Without including any pictures, reproduce all the lines below word for word.

## Data segment
* * * *

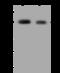 RNA Polymerase III Subunit B antibody, 204412-T40, Sino Biological, Western Blot image 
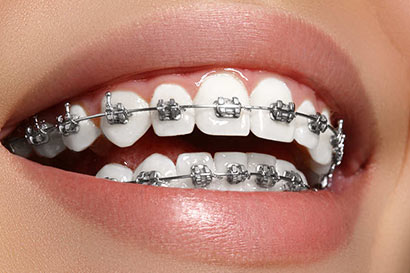 Dentrica-Dental-Center-Upper-and-Lower-Metal-Braces---P4199P60000-410-c.jpg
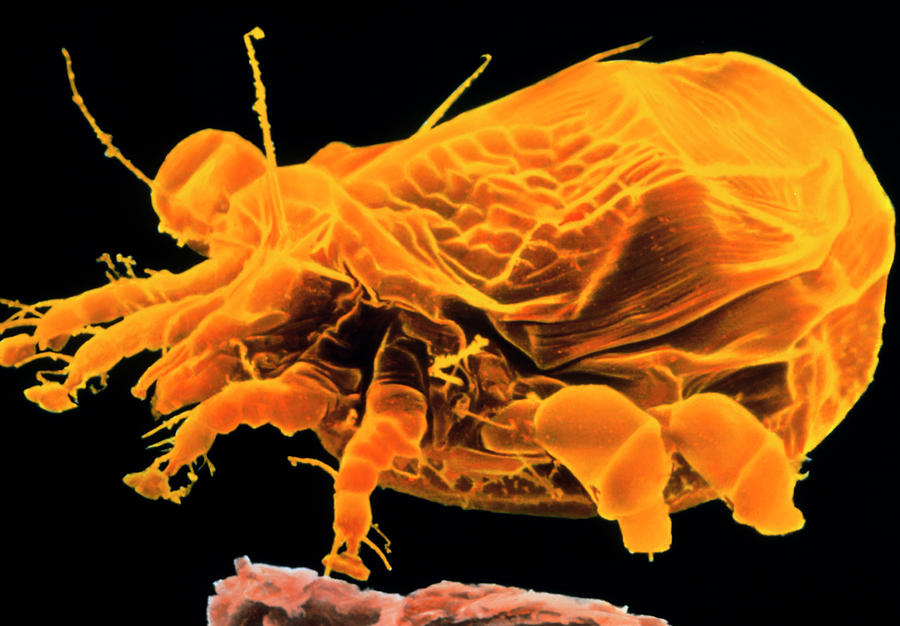 Wildlife Photograph - Coloured Sem Of Sarcoptes Sp by Cath Wadforth/science Photo Library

* * * *

## Response below
 RNA Polymerase III Subunit B antibody, 204412-T40, Sino Biological, Western Blot image 
 Dentrica-Dental-Center-Upper-and-Lower-Metal-Braces---P4199P60000-410-c.jpg
 Wildlife Photograph - Coloured Sem Of Sarcoptes Sp by Cath Wadforth/science Photo Library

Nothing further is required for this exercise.